In May 1993, the NASD published Notice to Members 93-30, which set forth, in question and answer format, certain guidelines for compliance with recent amendments to the Securities and Exchange Commission (SEC) Net Capital Rule, Rule 15c3-1. The SEC adopted the amendments, which became effective on a staggered schedule late last year. This Notice provides additional clarifications and interpretations of these new requirements.

Background

The NASD published its initial Notice concerning the amendments to the SEC's Net Capital Rule (Notice to Members 92-72) in December 1992. The Notice advised that several amendments to the rule took effect January 1 with other changes slated for July 1, 1993. As of that date, the net capital ceiling for a market maker increases to $1 million. Likewise, the changes to the minimum net capital requirements will take effect in three installments beginning July 1. The SEC is still considering additional amendments to the rule, published for comment in December.

The amendments to the minimum net capital requirements increase the dollar amounts for many categories of broker/dealers. The increases are based on the nature of the firm's business and the extent to which a broker/dealer has contact with customer funds or securities. In several instances, the new requirements are significantly higher than the previous minimums.

Other adopted amendments establish one standardized method of calculating haircuts for all firms; adopt the alternative method for computing concentration charges for all firms; reduce the impact on aggregate indebtedness for two items (mutual funds payable offset by fails to deliver and corresponding stock loan/stock borrow); and permit the use of an offset when computing the open contractual commitment haircut on underwritings.

After these changes were announced in December, the NASD began to receive questions concerning the new requirements. In May 1993, the NASD issued Notice to Members 93-30, answering certain of these questions for the benefit of all members. Since then, the NASD has received additional clarifications and interpretations from the SEC staff and is publishing them in this Notice.

Clarifications and Interpretations

Clearing Agreements

According to the SEC staff, it will deem an introducing firm to be a clearing firm (and required to comply with the clearing firm's greater minimum net capital), unless the firm has in place a clearing agreement, containing a statement that, for purposes of the Securities Investors Protection Act (SIPA) and the SEC's financial responsibility rules, customers are customers of the clearing firm, not the introducing firm.

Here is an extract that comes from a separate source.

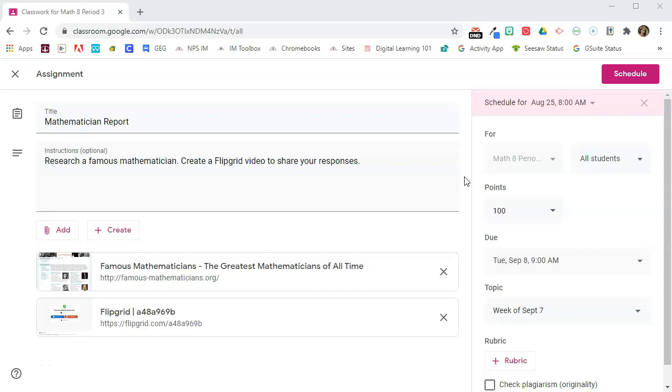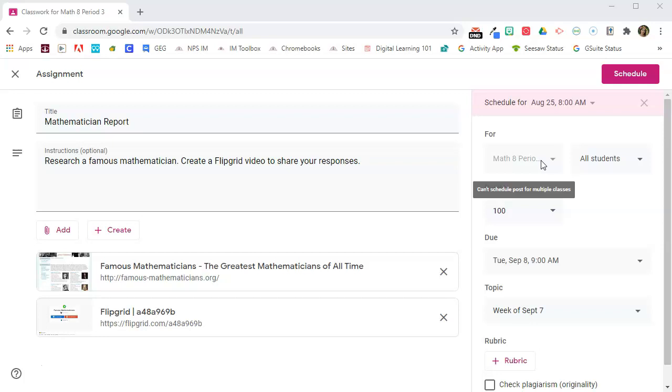You can see this assignment I have scheduled to post to Classroom on August 25th at 8am. If I try to select a second class to schedule this assignment for, it tells me that I can't schedule a post for multiple classes.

The following is an example of language that the SEC accepts for use in a clearing agreement.

"For purposes of the Securities and Exchange Commission's financial responsibility rules and the Securities Investor's Protection Act, (name of introducing firm)'s customers will be considered customers of (name of clearing firm) and not customers of (name of introducing firm). Nothing herein shall cause (name of introducing firm)'s customers to be construed or interpreted as customers of (name of clearing firm) for any other purpose, or to negate the intent of any other section of this agreement, including, but not limited to, the delineation of responsibilities as set forth elsewhere in this agreement."

This language establishes the concept that customers must look to the clearing firm, not the introducing firm, for the payment of monies and delivery of securities.

Customer Account Statements

The SEC staff has reconsidered its previously issued interpretation concerning customer account statements that a clearing firm must send directly to the customers of an introducing firm. In the previous interpretation, each account statement had to include the name and telephone number of a responsible clearing firm employee that a customer could contact with inquiries regarding the customer's account.

In reviewing this position, the SEC noted that individuals may assume different responsibilities at their firms or may leave their employment altogether. Hence, requiring broker/dealers to name a specific individual on customer account statements, which are often preprinted, may lead to confusion for customers inquiring about their accounts. For this reason, the SEC staff determined that it is sufficient for broker/dealers to include just the pertinent telephone number. The following language is acceptable to the SEC for use on customer account statements.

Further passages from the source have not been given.